(ACTIVITY): Your answer should be the lines from the start of the records through the line with "Trump convierte el", copied word for word.

Web page caption snippets
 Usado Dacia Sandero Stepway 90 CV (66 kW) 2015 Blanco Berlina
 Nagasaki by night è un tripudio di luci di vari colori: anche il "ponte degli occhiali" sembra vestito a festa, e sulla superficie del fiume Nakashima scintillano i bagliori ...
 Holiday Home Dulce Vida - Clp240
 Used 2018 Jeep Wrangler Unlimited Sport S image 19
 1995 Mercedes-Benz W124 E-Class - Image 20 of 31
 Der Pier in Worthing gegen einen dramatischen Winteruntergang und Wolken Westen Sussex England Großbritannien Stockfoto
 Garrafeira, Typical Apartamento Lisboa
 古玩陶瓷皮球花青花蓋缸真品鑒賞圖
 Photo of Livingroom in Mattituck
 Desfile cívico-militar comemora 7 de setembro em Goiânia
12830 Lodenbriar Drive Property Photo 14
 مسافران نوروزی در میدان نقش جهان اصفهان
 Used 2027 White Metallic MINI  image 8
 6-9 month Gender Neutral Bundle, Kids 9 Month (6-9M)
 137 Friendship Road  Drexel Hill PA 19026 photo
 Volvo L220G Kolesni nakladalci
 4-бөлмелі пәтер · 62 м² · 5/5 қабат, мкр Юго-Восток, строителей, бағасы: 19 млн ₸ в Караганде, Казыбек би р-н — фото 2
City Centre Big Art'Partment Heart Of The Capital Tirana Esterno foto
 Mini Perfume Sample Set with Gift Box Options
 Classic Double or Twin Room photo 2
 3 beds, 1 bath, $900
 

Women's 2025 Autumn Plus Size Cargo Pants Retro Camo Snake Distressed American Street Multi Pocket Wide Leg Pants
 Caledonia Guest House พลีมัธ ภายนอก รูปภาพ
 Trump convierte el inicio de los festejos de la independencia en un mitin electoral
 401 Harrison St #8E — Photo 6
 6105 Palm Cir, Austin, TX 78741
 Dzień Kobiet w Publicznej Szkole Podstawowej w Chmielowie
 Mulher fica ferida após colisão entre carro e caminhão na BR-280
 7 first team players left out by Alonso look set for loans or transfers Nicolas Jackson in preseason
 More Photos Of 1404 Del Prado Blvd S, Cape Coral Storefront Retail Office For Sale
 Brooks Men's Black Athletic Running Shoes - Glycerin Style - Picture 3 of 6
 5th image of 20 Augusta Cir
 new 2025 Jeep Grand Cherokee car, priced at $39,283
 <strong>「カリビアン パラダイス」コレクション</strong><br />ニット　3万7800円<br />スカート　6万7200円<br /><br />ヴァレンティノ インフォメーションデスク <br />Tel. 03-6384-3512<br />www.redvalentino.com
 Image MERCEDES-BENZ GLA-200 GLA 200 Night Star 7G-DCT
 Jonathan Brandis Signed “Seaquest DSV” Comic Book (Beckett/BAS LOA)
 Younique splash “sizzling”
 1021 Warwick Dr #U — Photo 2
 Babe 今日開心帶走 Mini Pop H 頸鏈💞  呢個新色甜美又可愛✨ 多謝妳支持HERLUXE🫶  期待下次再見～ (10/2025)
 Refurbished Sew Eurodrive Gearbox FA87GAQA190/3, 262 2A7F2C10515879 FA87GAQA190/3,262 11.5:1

(WRITTEN RESPONSE):
 Usado Dacia Sandero Stepway 90 CV (66 kW) 2015 Blanco Berlina
 Nagasaki by night è un tripudio di luci di vari colori: anche il "ponte degli occhiali" sembra vestito a festa, e sulla superficie del fiume Nakashima scintillano i bagliori ...
 Holiday Home Dulce Vida - Clp240
 Used 2018 Jeep Wrangler Unlimited Sport S image 19
 1995 Mercedes-Benz W124 E-Class - Image 20 of 31
 Der Pier in Worthing gegen einen dramatischen Winteruntergang und Wolken Westen Sussex England Großbritannien Stockfoto
 Garrafeira, Typical Apartamento Lisboa
 古玩陶瓷皮球花青花蓋缸真品鑒賞圖
 Photo of Livingroom in Mattituck
 Desfile cívico-militar comemora 7 de setembro em Goiânia
12830 Lodenbriar Drive Property Photo 14
 مسافران نوروزی در میدان نقش جهان اصفهان
 Used 2027 White Metallic MINI  image 8
 6-9 month Gender Neutral Bundle, Kids 9 Month (6-9M)
 137 Friendship Road  Drexel Hill PA 19026 photo
 Volvo L220G Kolesni nakladalci
 4-бөлмелі пәтер · 62 м² · 5/5 қабат, мкр Юго-Восток, строителей, бағасы: 19 млн ₸ в Караганде, Казыбек би р-н — фото 2
City Centre Big Art'Partment Heart Of The Capital Tirana Esterno foto
 Mini Perfume Sample Set with Gift Box Options
 Classic Double or Twin Room photo 2
 3 beds, 1 bath, $900
 

Women's 2025 Autumn Plus Size Cargo Pants Retro Camo Snake Distressed American Street Multi Pocket Wide Leg Pants
 Caledonia Guest House พลีมัธ ภายนอก รูปภาพ
 Trump convierte el inicio de los festejos de la independencia en un mitin electoral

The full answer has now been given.